Lecture 11: (October 2, 2025)

  • What is the Old School EXP3 algorithm?
  • What is the regret calculation, when using utility instead of cost?
  • When $\gamma = \sqrt{\frac{n \ln n}{T}}$, what is the expected regret of EXP3?
    • The proof is similar to the multiplicative weights proof.

Theorem. When $\gamma = \epsilon$,

\[\mathbb E \sum u^t(i^t) \geq (1 - \gamma)\mathbb E \max_i \sum u^f(i) - \frac{n}{\gamma} \ln n\]

The LHS is ALG, the RHS is OPT - an exploration term.

  • In general, can’t use Linearity of Expectation for expectation over a max or min.
  • RWM is a no regret algorithm.

    RWM Facts

    Claim 3.

  • What is the modification made to the theorem to reduce it to the full information setting? (EXP3’).
    • How to reduce to Randomized Weighted Majority? What is the range of utility values?
  • How to prove the theorem for the modified setting?
  • What is $\hat u^t (j)$ an unbiased estimator of? Prove it.
  • Prove the second fact, that $\hat{\text{OPT}}$ in RWM is more competitive then OPT (the best expert according to utilities $u$).
  • Prove the third fact.
  • Prove the fourth fact, that EXP3’ reward is large fraction of RWM reward.

New School EXP3

Shown that uniform exploration is not necessary. The new school algorithm, then, uses the update rule

\[q_i^t \leftarrow p^t_i - \frac{w_i^t}{\sum_{i=1}^n w_i^t}\]

Doesn’t have an explicit exploration term, but the randomness of choosing a random expert provides sufficient exploration.

Without full information, regret scales with the number of experts.

Games

For example, rock-paper-scissors. Game can be represented as a pay-off matrix between the row and column players.

Formally, a game consists of

  • $m$ players, and their action sets $A_1, \ldots, A_m$.
  • Utilities of players, $u_1, \ldots, u_m$.

Definition (Zero-Sum Game). Only two players, $u_1(a_1, a_2) = -u_2(a_1, a_2)$.

Strategies can be pure or mixed. In general, for a mixed strategry profile $p_1, \ldots, p_m$

  • What is the bilinear form of utility for a Zero-Sum Game?

Theorem (Min-Max Theorem).

\[\text{Value of Game} = \max_p \min_q p^\intercal U q = \min_q \max_p p^\intercal U q\]
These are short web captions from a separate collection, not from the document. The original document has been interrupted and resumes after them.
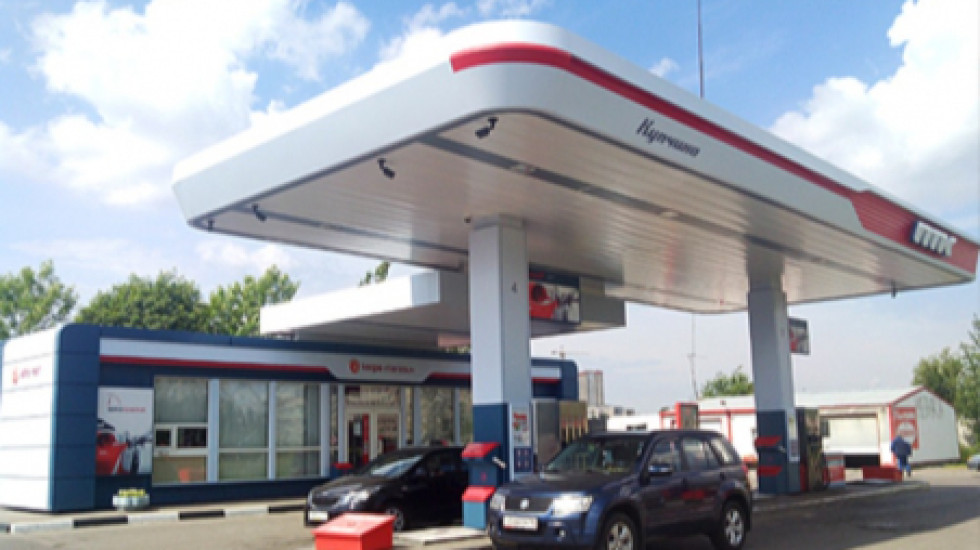 «Роснефть» купила 100% акций «Петербургской топливной компании»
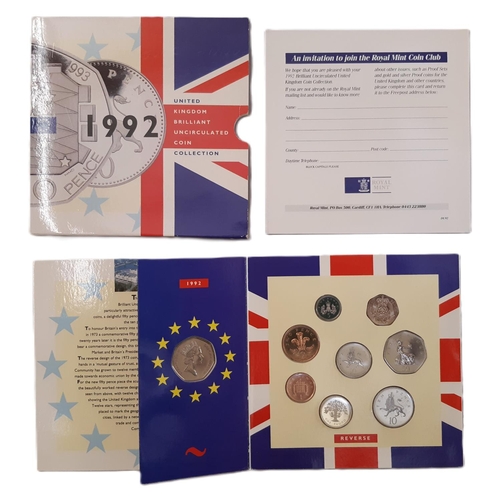 977 - Royal Mint 1992 BUNC annual coin set inc EEC Dual Year 50p (1992-1993)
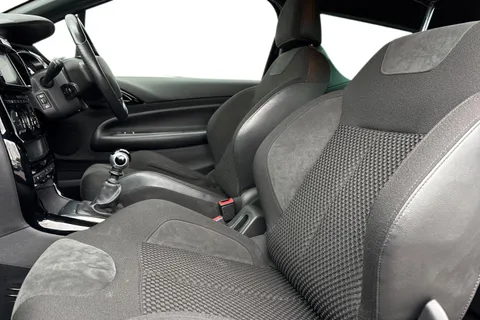 16 of 64 for DS Automobiles Ds 3 1.2 PureTech Prestige Euro 6 (s/s) 3dr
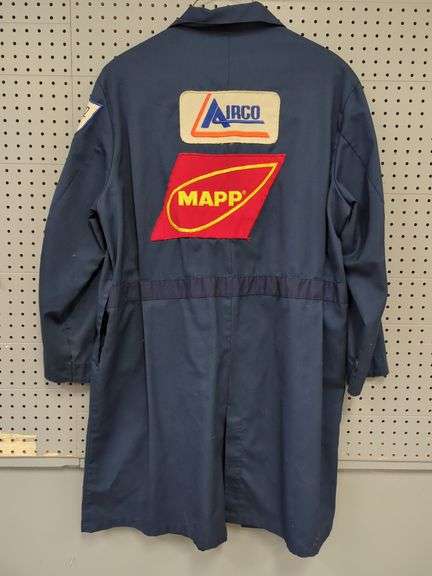 Vintage Airco shop coat image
It doesn’t matter if you start first!

Proof. This proof is from the 1990s. Term the LHS as $A$, and the RHS as $B$. $A \leq B$ is easy to see! (Prove using Jensen’s.) Because going second is better.

To show $A \geq B$, construct two intermediate points using the No Regret algorithm.